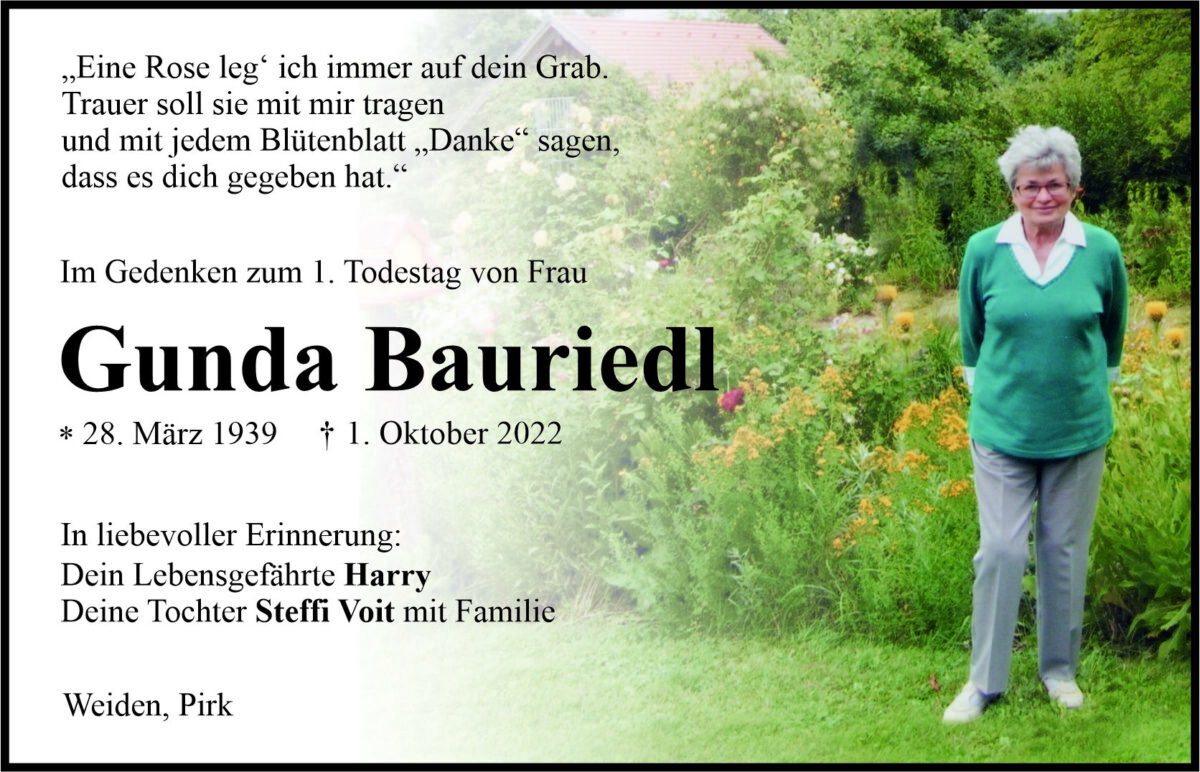 Traueranzeige Gunda Bauriedl, Weiden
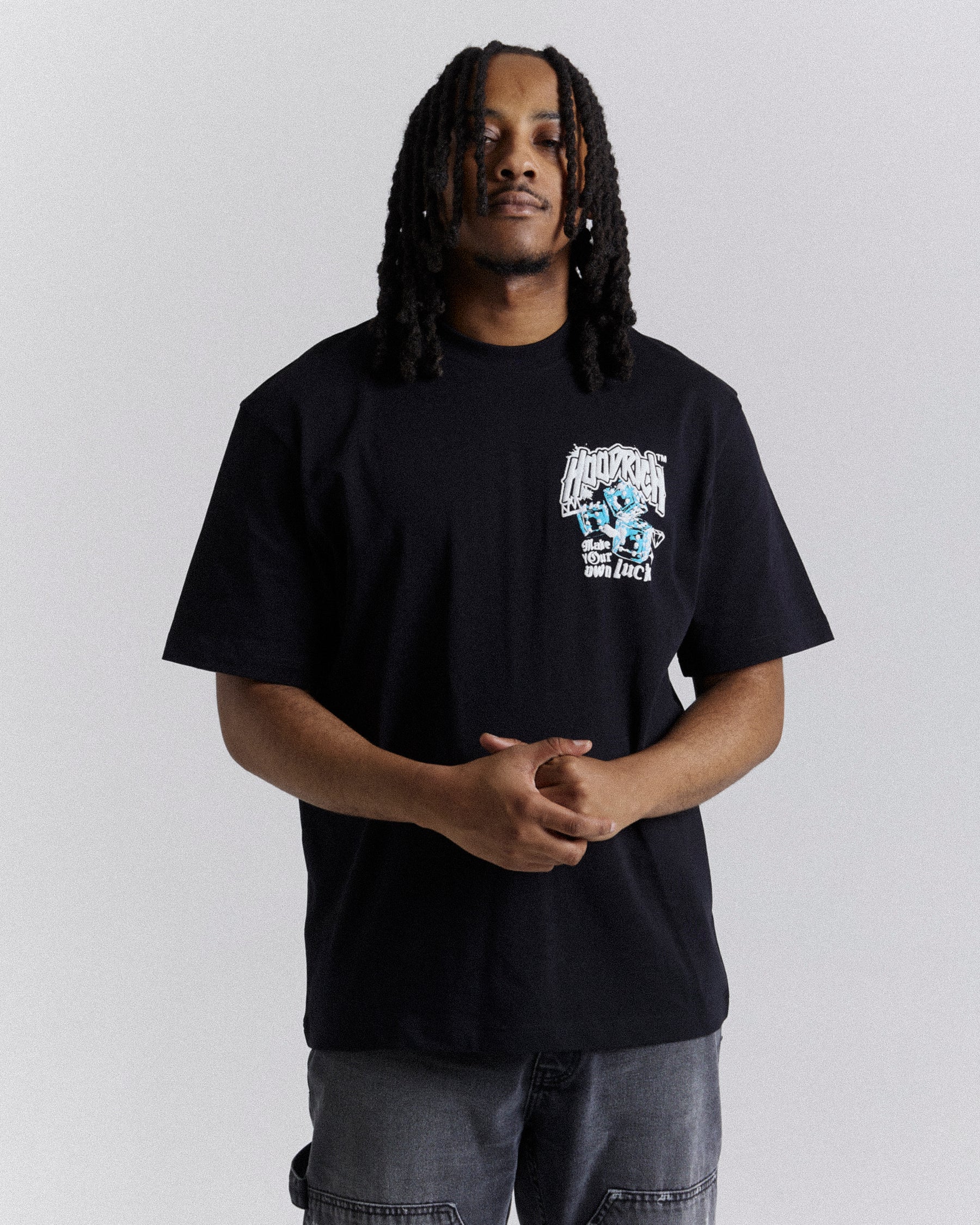 Fortune Oversized T-Shirt - Black/White/Blue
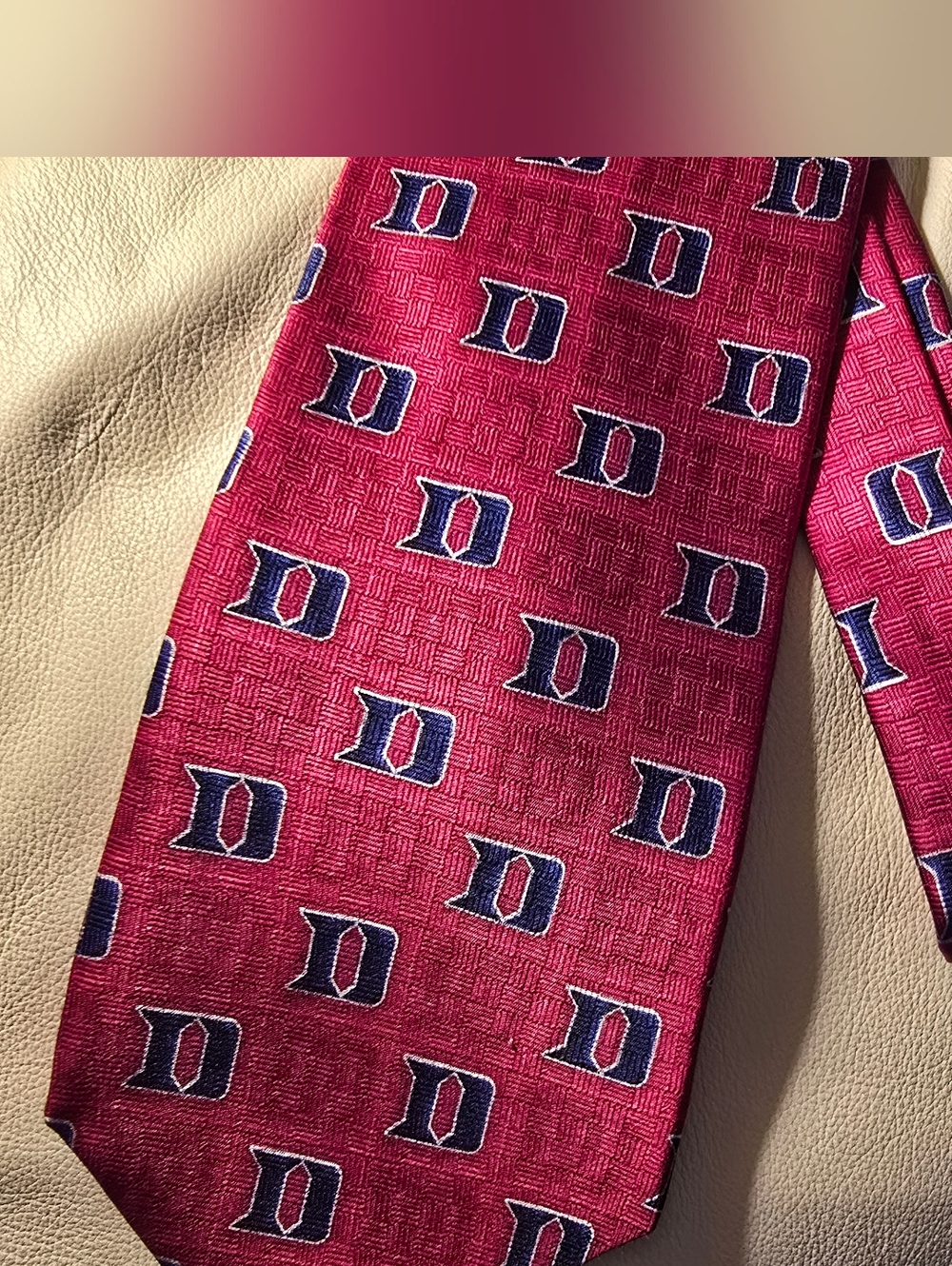 Duke University Red Blue D Logo Men's Silk Necktie Tie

◆ ◆ ◆ ◆ ◆ ◆ ◆

**WORK INSTRUCTIONS**
Write out every line of the listing exactly as written, and leave the pictures out.

**ANSWER TO THIS EXERCISE**
 Traueranzeige Gunda Bauriedl, Weiden
 Fortune Oversized T-Shirt - Black/White/Blue
 Duke University Red Blue D Logo Men's Silk Necktie Tie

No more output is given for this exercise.